### Available data:

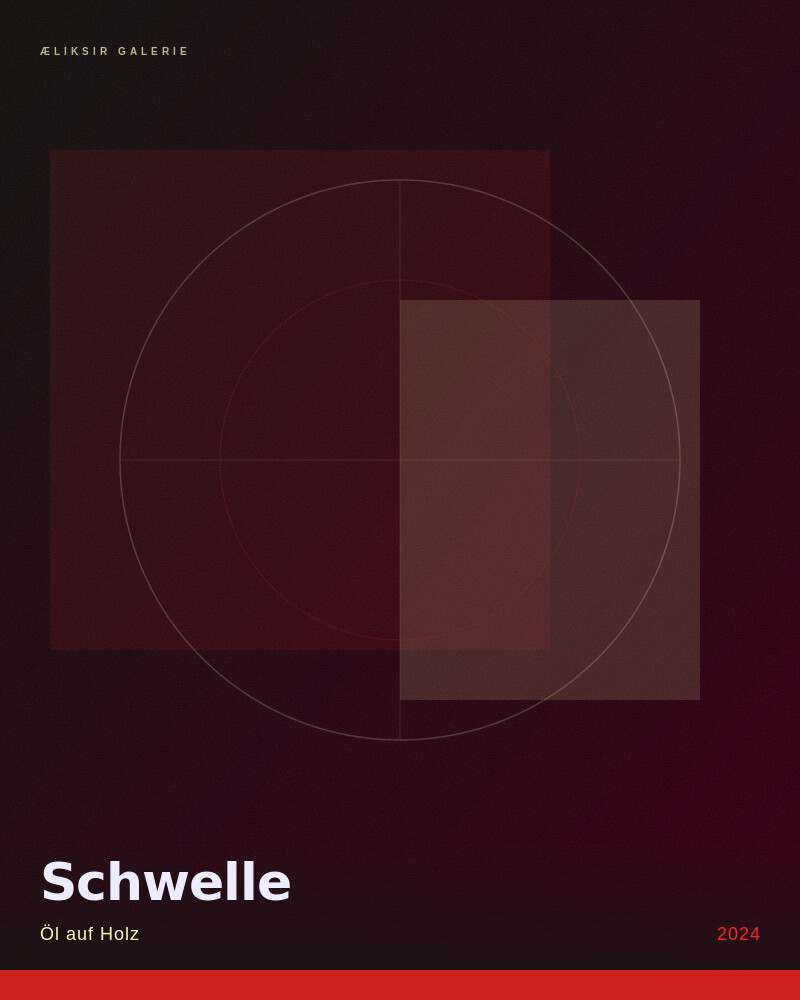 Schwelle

==

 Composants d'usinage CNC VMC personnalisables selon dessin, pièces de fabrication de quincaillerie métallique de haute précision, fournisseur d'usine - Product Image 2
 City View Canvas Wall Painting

...

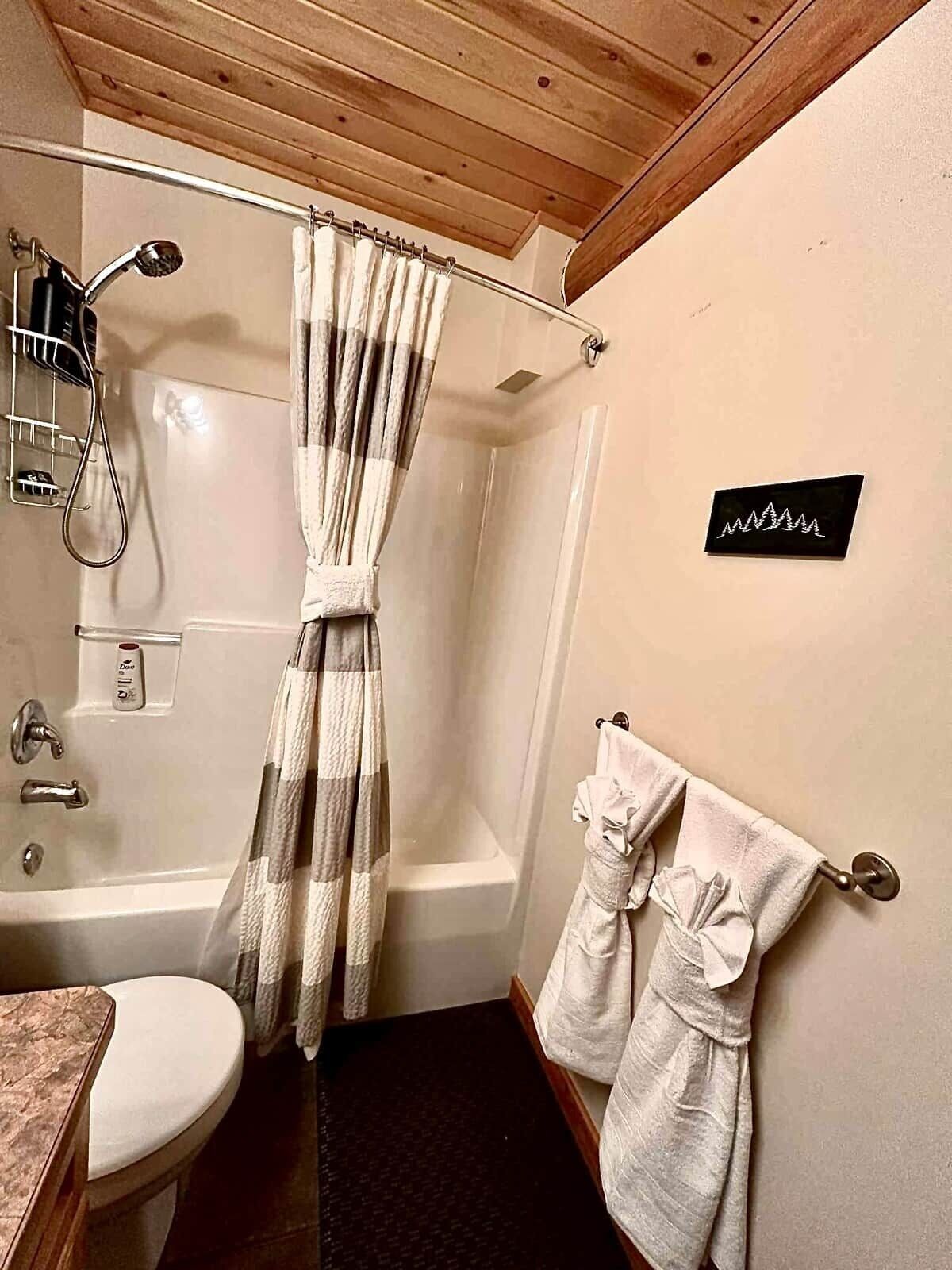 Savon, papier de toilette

### What the task requires:
Copy out only the lines of the records above from the one with "Composants d'usinage CNC" through the one with "City View Canvas Wall Painting", exactly as they stand, both included.

### Solution to the problem:
 Composants d'usinage CNC VMC personnalisables selon dessin, pièces de fabrication de quincaillerie métallique de haute précision, fournisseur d'usine - Product Image 2
 City View Canvas Wall Painting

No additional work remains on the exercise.